Harris’ offense hasn’t hurt, either: In 17 games, he’s now slashing .317/.338/.540.
“To see that bat speed and strength,” Snitker said after two nights of seeing balls struck by Harris to the opposite field go out, “is impressive. He’s done a fine job of competing here.”
Harris has impressed with his range in center, does not hesitate at taking charge over more experienced players at his flanks and enjoys the bounty of hitting in the nine hole, one spot above perennial MVP candidate Ronald Acuña Jr. It’s all enough to make Harris stop for a moment and ponder that last October, he was watching the team’s NLCS conquest of the Dodgers from the Truist Park seats.
Harris grew up in Stockbridge, about 20 miles south of Atlanta. You could say he was prepared for this moment.
“It’s kind of crazy because even when I’m on the field, I’ve thought about last year, I was in the stands, watching the playoff games against the Dodgers,” says Harris, who turned 21 in March. “Just being here this early in the season, after the team won the World Series last year, it’s really surreal and it’s big for me.

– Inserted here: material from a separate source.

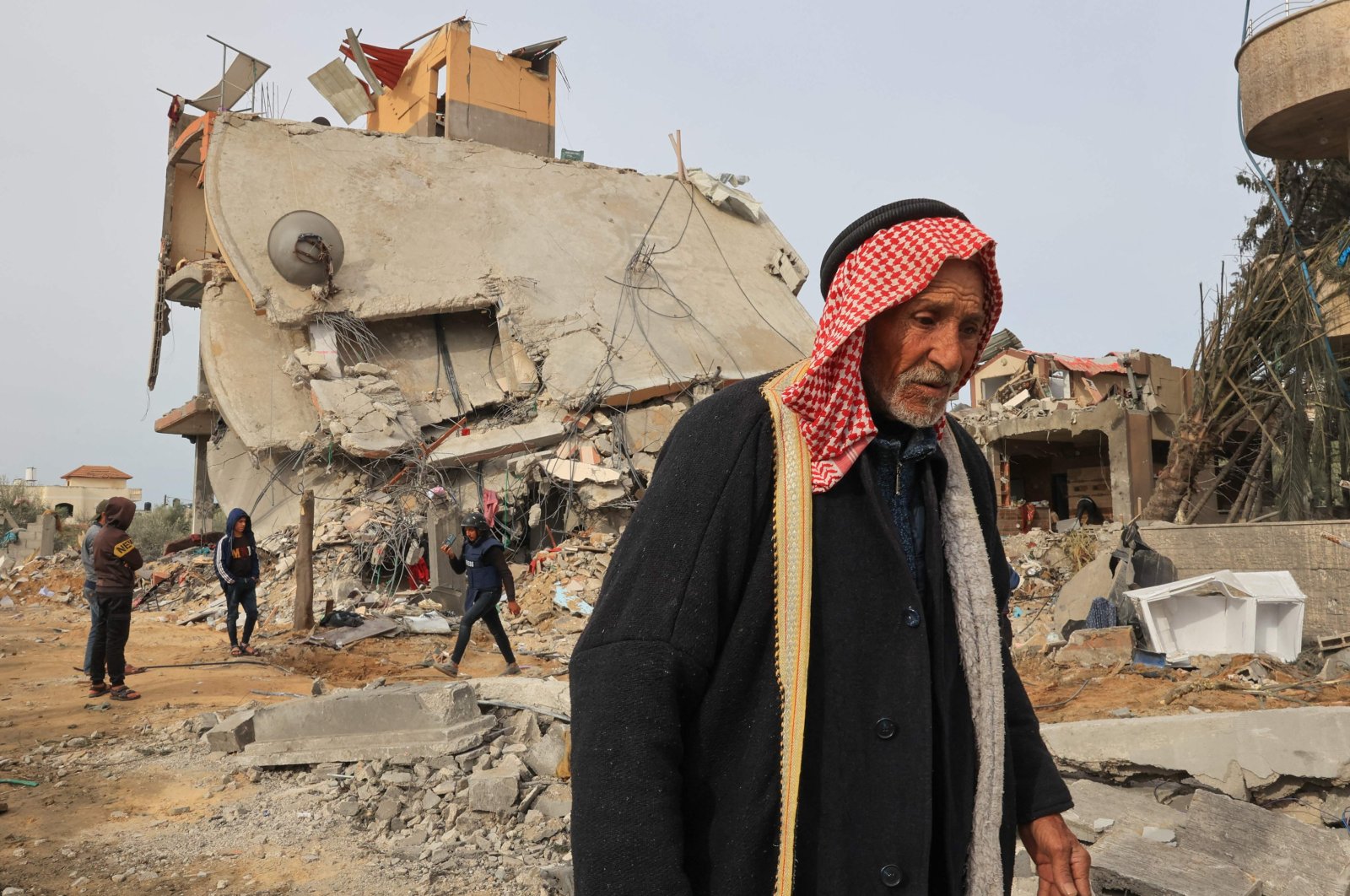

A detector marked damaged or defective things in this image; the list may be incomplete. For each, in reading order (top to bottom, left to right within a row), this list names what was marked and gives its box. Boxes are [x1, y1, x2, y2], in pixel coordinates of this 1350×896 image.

“Being from Atlanta, it’s good for me to put on for my city.”
Meanwhile, it’s been six weeks since Acuña made his season debut after a nine-month absence due to a torn ACL. Until he appeared on the victory stage after Game 6 of the World Series, it was easy to forget the Braves proceeded to win a championship after his knee injury ended an MVP-caliber season in July.

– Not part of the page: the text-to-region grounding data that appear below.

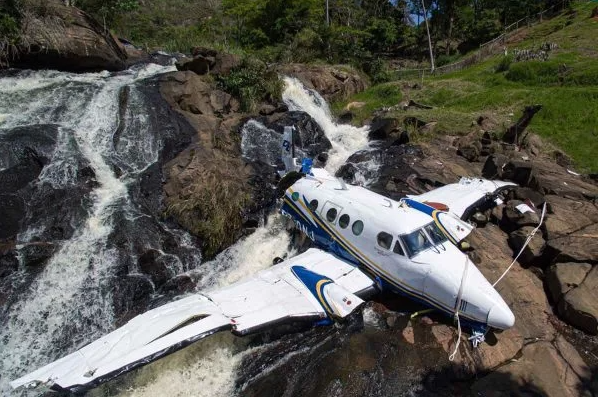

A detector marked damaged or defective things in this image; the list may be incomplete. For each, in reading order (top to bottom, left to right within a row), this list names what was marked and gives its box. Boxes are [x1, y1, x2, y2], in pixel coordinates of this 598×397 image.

crashed airplane [9, 126, 516, 390]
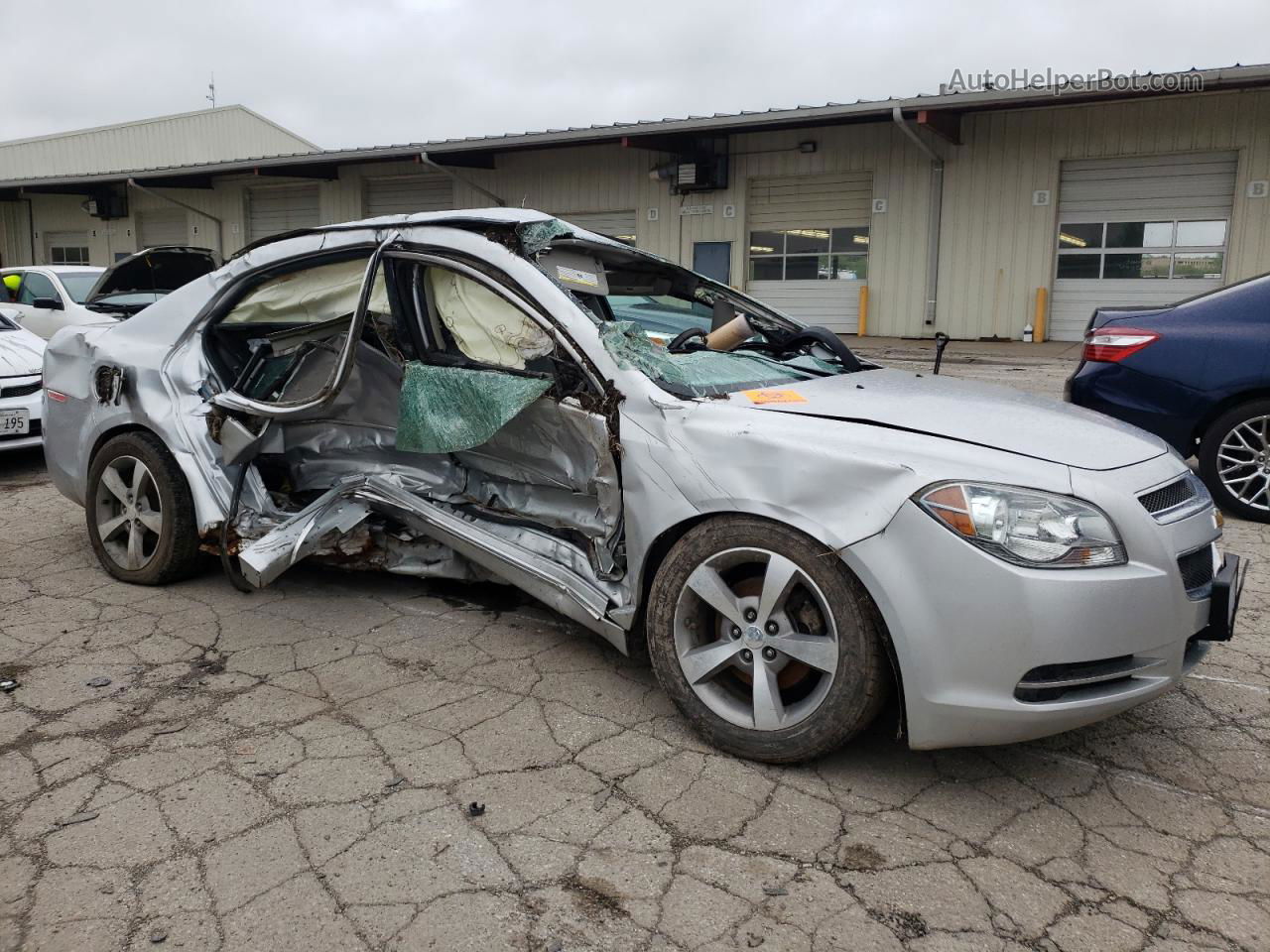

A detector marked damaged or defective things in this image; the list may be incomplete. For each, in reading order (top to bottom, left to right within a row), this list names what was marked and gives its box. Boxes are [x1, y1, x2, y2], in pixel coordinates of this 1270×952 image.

crumpled hood [0, 324, 46, 375]
deployed airbag [396, 363, 551, 456]
wrecked silver car [40, 207, 1239, 762]
shattered windshield [525, 233, 863, 401]
crumpled hood [731, 368, 1163, 472]
cracked concrete pavement [2, 350, 1270, 952]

A flurry of outfield trades followed, Joc Pederson donned a set of pearls, and you know the rest.
Yet the post-Acuña lessons of 2021 took on greater resonance Monday night, when Ozzie Albies swung awkwardly at an inside pitch and suffered a foot fracture, sidelining him for at least two months.
It was a stunner, in the sense that Albies played at least 156 games each of the past three full seasons, part of an infield that takes fewer days off than an HVAC repairman in summer.
And no big deal, in that this group somehow got better after losing Acuña, shrugged and won a World Series.
Orlando Arcia was the second baseman Tuesday—and most days, going forward—and he merely homered, singled, and hit a sacrifice fly.
No big deal.
“This guy was a dude for a while,” Snitker says, recalling Arcia’s playoff exploits in Milwaukee.
Good vibes only
Impressive as it is, this winning streak can only fold into the context of this season. It’s great that they’ve outscored opponents 93-39 since the calendar flipped to June. Less impressive that the wallopings came at the expense of the sub-.500 Diamondbacks, Rockies, A’s, Pirates and Nationals, who fed two rookies making their major league debut to the ravenous Braves on Tuesday.
The result was predictable. Less certain – and ultimately more important – will be the outcome in 15 games remaining against the Mets, including nine in August.
The Braves aren’t about to fear what’s lurking.
“The first handful of weeks we weren’t playing the way we thought we should be,” says d’Arnaud. “For it to come together now is great to see. We figured at some point it would come. No one is stressed out.
“That’s the biggest thing we learned last year – anything can happen at any point in the season. Just keep riding it out.”